Кориолан не чувствовал ни радости, ни гордости за себя. Это была его стратегия, это он научил Люси Грей убивать – но он не чувствовал ни радости, ни гордости.
Только облегчение. И пустоту.
И ненависть.
Галл и Хайботтом.
Однажды он доберется до них. На это понадобятся годы, на это понадобятся чудовищные усилия, но однажды он доберется до них.
И оказалось, что добраться до Хайботтома оказалось очень быстро и легко.
Кориолан зашел в пентхаус, забрать свои вещи, чтобы последнюю ночь в Капитолии провести в доме Даувкотов, куда утром должны были доставить Люси Грей, все еще остававшуюся в Цитадели – там она должны была освежиться, переодеться, поехать на студию, чтобы дать интервью Счастливчику Фликерману и дать последний концерт, перед отъездом в Двенадцатый дистрикт, и Кориолан не мог дождаться наконец увидеть ее, и он безумно завидовал Клеменсии, которая оставалась рядом с Люси Грей все это время.

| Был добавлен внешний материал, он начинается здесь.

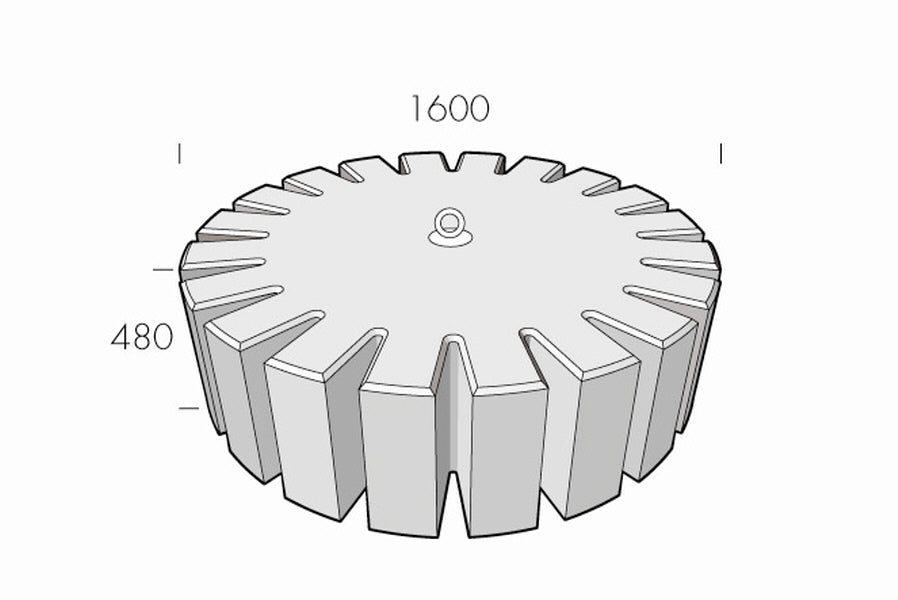 Cykelställ Kuggen 1600x480 - Stenbolaget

Когда раскрылись двери лифта, и он вошел в пентхаус, он понял, что в доме кто-то был.
В кабинете его отца горел свет, и там оказался Хайботтом.

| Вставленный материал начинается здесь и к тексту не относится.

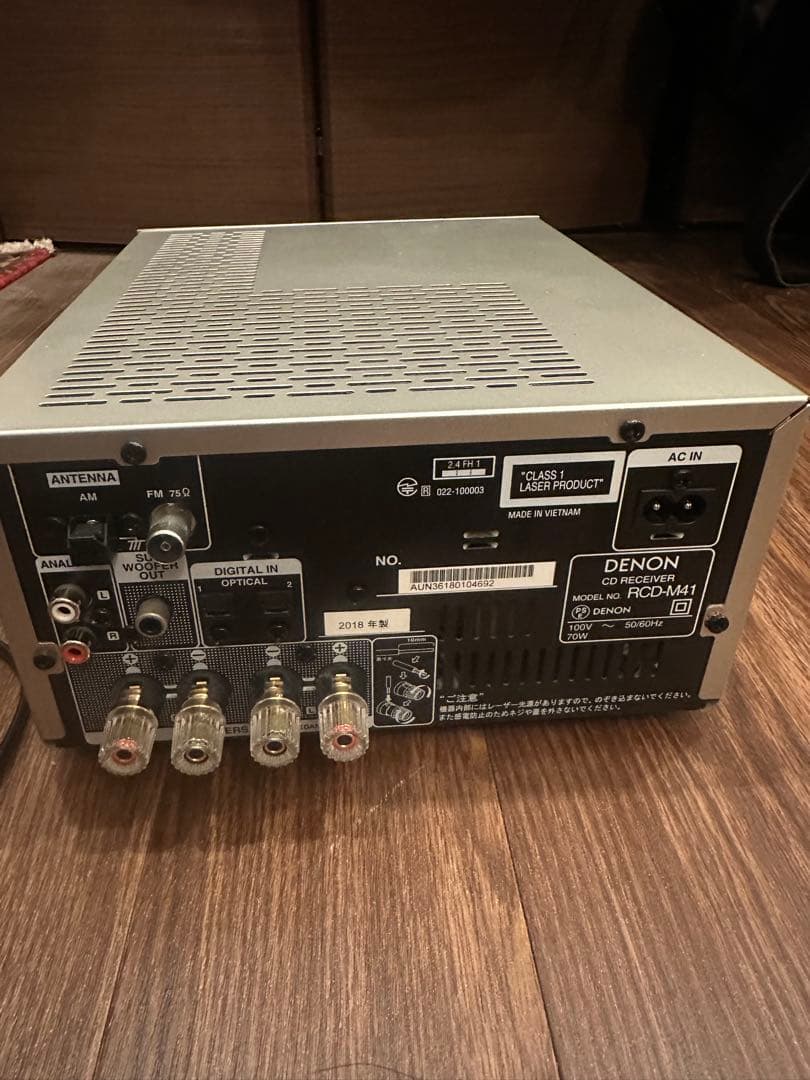 ジャンク　DENON RCD-M41 シルバー ミニコンポ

Он был явно под кайфом, сидя в кресле, когда-то принадлежавшем его отцу, перед ним была раскрытая книга, лежал портсигар его отца, еще какие-то вещи, принадлежавшие Крассу Сноу, которые он решил не брать – и в кресле сидел декан Хайботтом.
– А, лейтенант Сноу, – криво улыбнулся он, глядя на него стеклянными глазами. – Вижу вы отвлеклись от празднования победы вашей девчонки!
– Вижу, что вы празднуете вовсю, – сухо ответил Кориолан, с отвращением глядя на него.
– О да, – Хайботтом запрокинул голову, откидываясь в кресле. – Праздную свое новое приобретение. Фамильное гнездо семьи Сноу. Дом детства Красса Сноу. Все его вещи. Все его книги. Все, что было у него – все теперь мое. Мое! Слышите эти звуки? Это звук падающего снега!
– Да, все это ваше, – равнодушно ответил Кориолан. – Так поворачивается колесо истории, спицы колеса поднимаются вверх, другие опускаются вниз. Вы наверху.
– Я наверху, – пьяно кивнул Хайботтом. – Я на вершине мира, видишь, Красс!
– Еще бы, – Кориолан дернул ремень сумки. – Ваши Игры имели невообразимый успех. Вы должны быть особенно горды собой на этот раз. Не двадцать три ребенка, двадцать семь. Блестящая работа.
Хайботтом дернулся, выпрямляясь, и его глаза засверкали злобой.
– Не смей! Не смей осуждать меня, не смей! Ты не имеешь права! – Он попытался вскочить на ноги, но снова упал в кресло, и он мог только шипеть. – Кто угодно, но только не ты! Только не ты! Ты меньше всех на свете имеешь право меня осуждать.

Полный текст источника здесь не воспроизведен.